The people wait while the Senate turns Into a 2028 battlefield | WGLNG.com

The people wait while the Senate turns Into a 2028 battlefield

While senators fight over factions and future elections, Filipinos keep waiting for action on wages, prices, transport, healthcare, flooding, and corruption.
While senators fight over factions and future elections, Filipinos keep waiting for action on wages, prices, transport, healthcare, flooding, and corruption.

The Senate, in Theory and in Shame

I understand why a Senate exists. At least in theory.

A second chamber is supposed to check the House, scrutinize the executive, improve legislation, and stop bad laws from being rushed through. In a functioning democracy, that role matters.

But looking at the Philippine Senate now, it is hard not to feel disgusted.

Too much of the chamber seems swallowed up by political self-preservation. We have seen the leadership drama involving Alan Peter Cayetano replacing Tito Sotto. We saw the attempt to place Ronald “Bato” dela Rosa under Senate protective custody amid the ICC warrant controversy. We are watching the continuing power struggle around Vice President Sara Duterte’s impeachment trial. And now there is the controversy involving Rodante Marcoleta, who is reportedly facing plunder and indirect bribery complaints before the Ombudsman.

Dela Rosa remains wanted by the ICC over alleged crimes against humanity tied to the Duterte drug war, while Philippine authorities have said they are seeking his arrest.

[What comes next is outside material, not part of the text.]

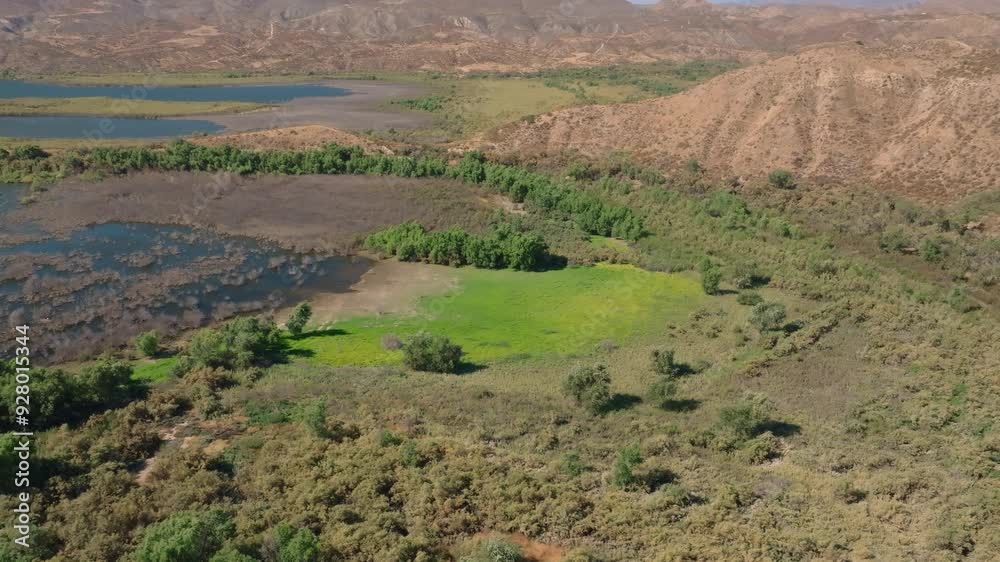 Vivid green grass on lake shore in Western Ranch Vivid green grass on lake shore in Western Ranch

While Politicians Posture, Filipinos Wait

These are not small things. And taken together, they do not look like isolated controversies. They look like a Senate busy protecting factions, shielding allies, settling scores, and preparing for the next national election cycle. Whether every move is directly about 2028 or not, the behavior certainly feels like pre-campaign warfare.

And while they posture, ordinary Filipinos wait.

They wait for serious oversight of public spending. They wait for accountability in infrastructure and procurement. They wait for real work on healthcare, food prices, wages, public transportation, disaster preparedness, education, water supply, flooding, and garbage management.

They wait for a government that treats daily suffering as urgent, not as background noise.

That is what makes this spectacle so insulting. The Senate is not cheap. It is powerful. Its members are elected nationally and given enormous visibility. Yet too often, that power seems to be spent on protecting allies, attacking enemies, rehearsing campaign narratives, and keeping political families relevant.

When a Check Becomes a Cartel

To be fair, I am not saying “abolish the Senate tomorrow.” That would be too easy, and maybe too careless. A second chamber can be useful. In a country where the presidency and the House can also be captured by dynasties and factions, checks and balances are not something we should casually throw away.

But when the supposed check becomes another cartel of ambition, people have every right to ask what it is still good for.

If senators cannot put the people first, if they cannot stop turning the chamber into a staging ground for 2028, if they cannot do the work they were elected and paid to do, then Filipinos should seriously ask whether this version of the Senate still deserves its place in our democracy.

Because right now, it does not look like the Senate is serving the people.

It looks like the people are being made to serve the Senate.